::: Records for this task :::

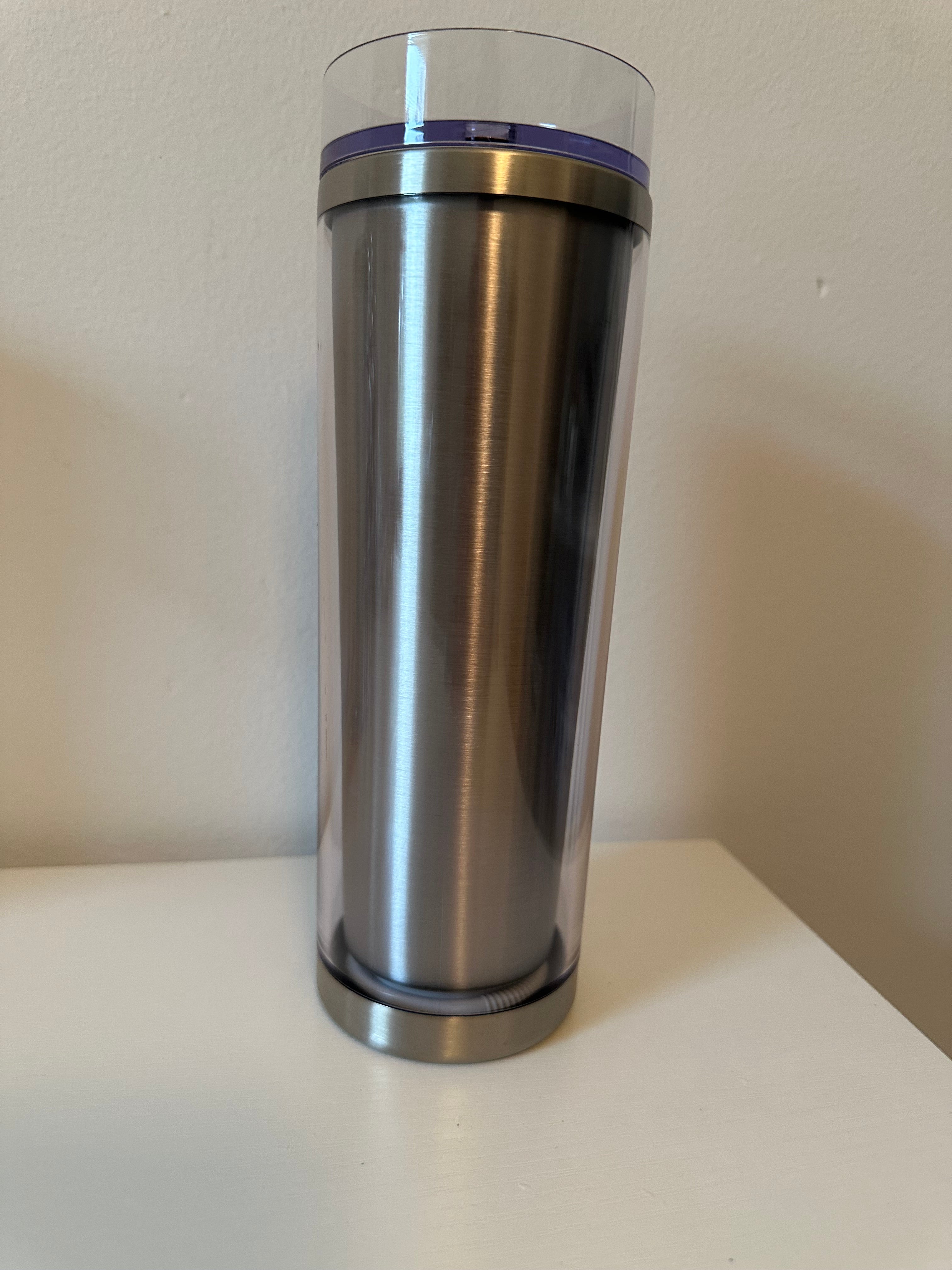Silver cylindrical object with a clear band on a white background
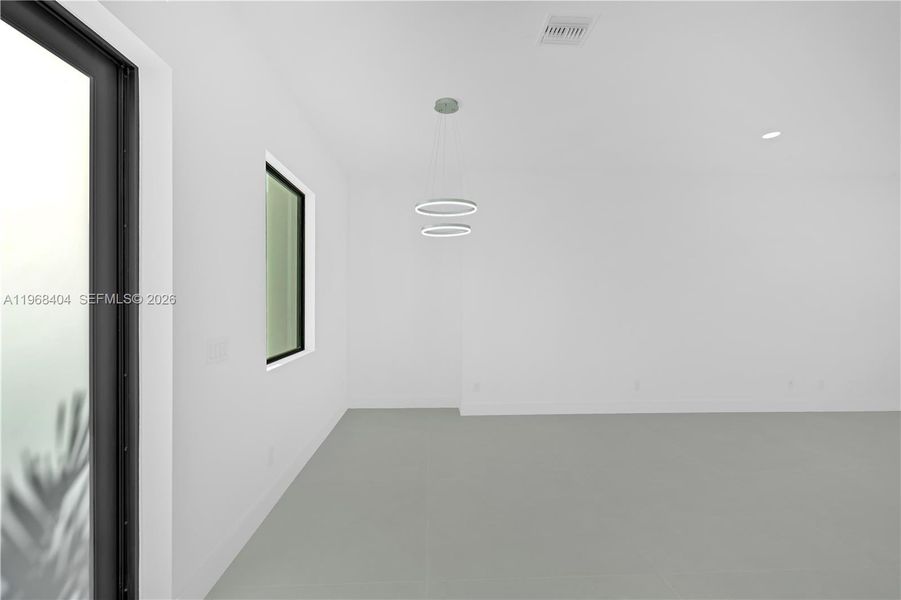 Spacious, unfurnished interior of a new home in , Port Charlotte (Image 40).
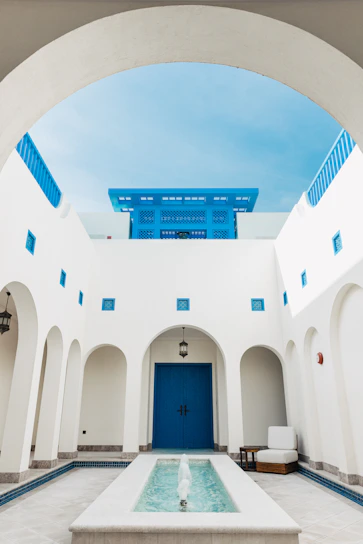 a white building with a blue door and a fountain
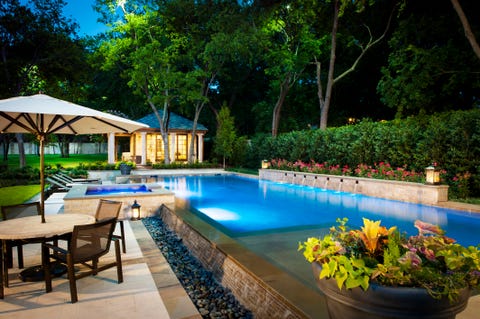 stone surrounded backyard swimming pool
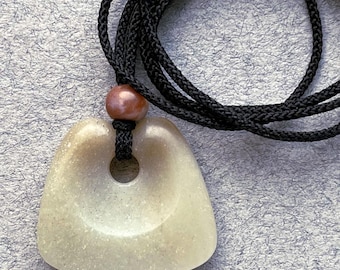 Off White Wedge Celt, hand carved jade pendant with jasper bead and machine braided silk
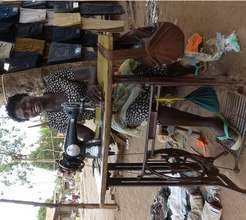 Susan working at Bweyale market for 1 per day
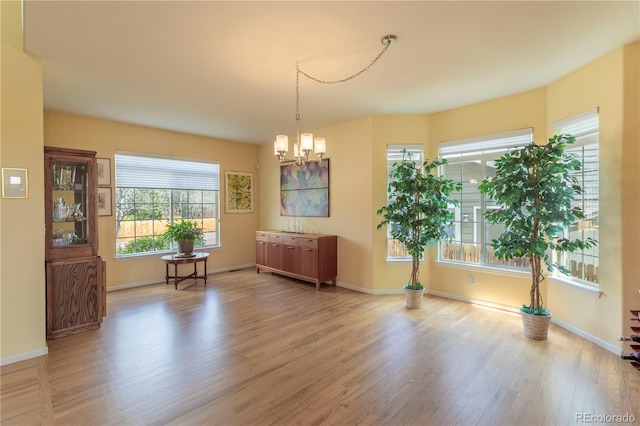 9586 W Victoria Dr, Littleton, CO 80128 - dining area with an inviting chandelier, a wealth of natural light, baseboards, and wood finished floors
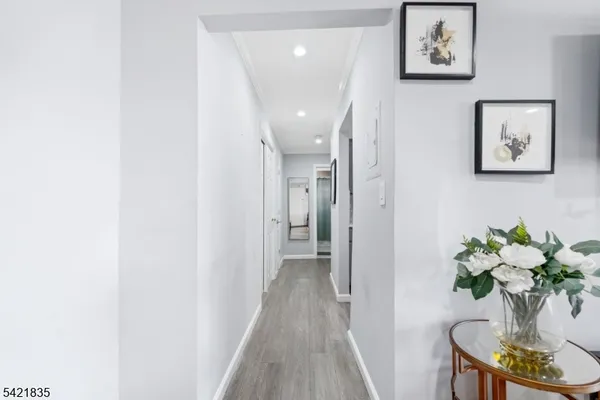 a view of a hallway with flower pot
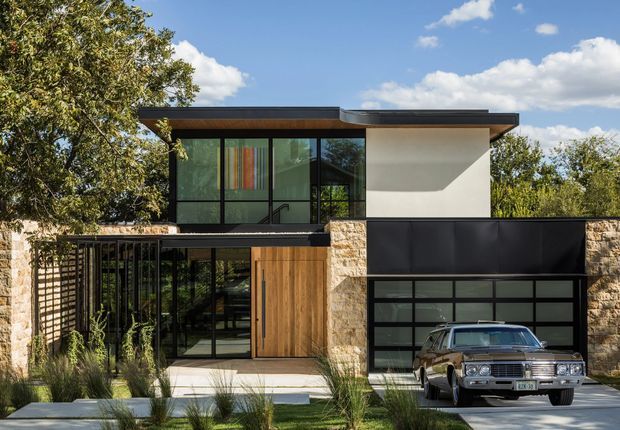 A contemporary two-storey residential facade set among mature trees, combining dark metal-framed glazing, pale stone masonry, smooth white rendered walls, warm vertical timber cladding, and broad low-pitched roof planes. A black-framed garage occupies the lower right, with a vintage car parked in the driveway. The upper level includes expansive glazing and a projecting roof overhang, while ornamental grasses and concrete stepping slabs soften the entry landscape.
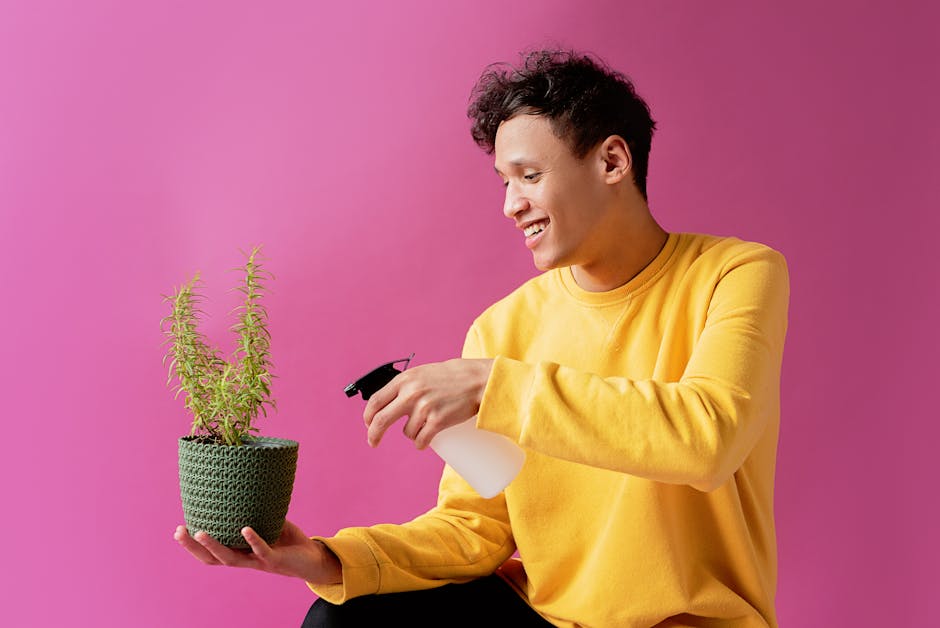 Young man smiling while watering a potted plant with a spray bottle against vibrant pink background.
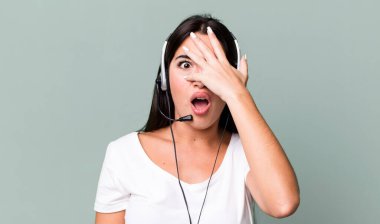 looking shocked, scared or terrified, covering face with hand. telemarketer concept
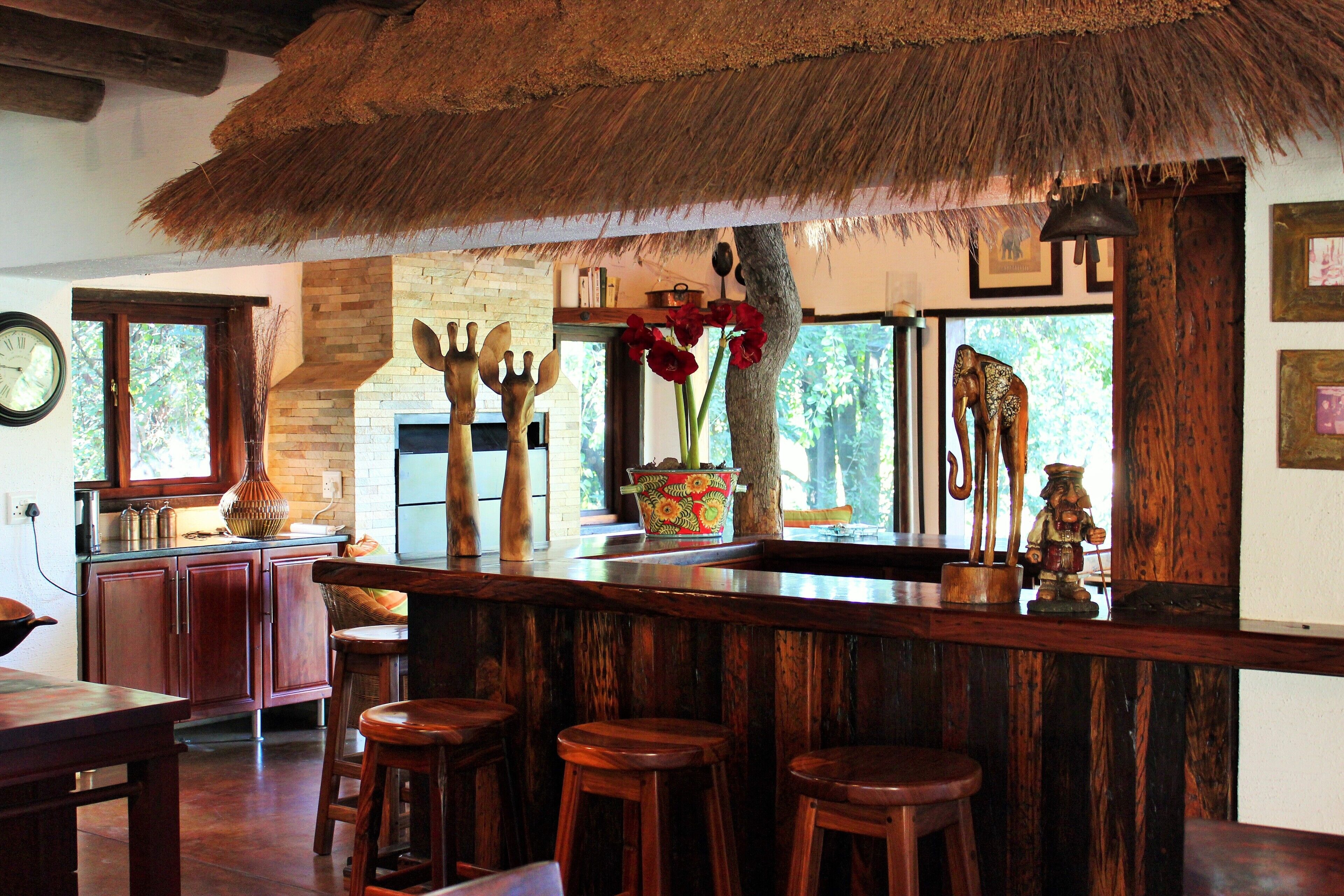 Bar area leading onto sitting room with indoor gas fireplace/barbecue.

:::

Look above for the line containing "Off White Wedge", then copy exactly from it through the line containing "A contemporary two-storey", keeping both and leaving out pictures. Add nothing else.

* [Solution for this problem]
 Off White Wedge Celt, hand carved jade pendant with jasper bead and machine braided silk
 Susan working at Bweyale market for 1 per day
 9586 W Victoria Dr, Littleton, CO 80128 - dining area with an inviting chandelier, a wealth of natural light, baseboards, and wood finished floors
 a view of a hallway with flower pot
 A contemporary two-storey residential facade set among mature trees, combining dark metal-framed glazing, pale stone masonry, smooth white rendered walls, warm vertical timber cladding, and broad low-pitched roof planes. A black-framed garage occupies the lower right, with a vintage car parked in the driveway. The upper level includes expansive glazing and a projecting roof overhang, while ornamental grasses and concrete stepping slabs soften the entry landscape.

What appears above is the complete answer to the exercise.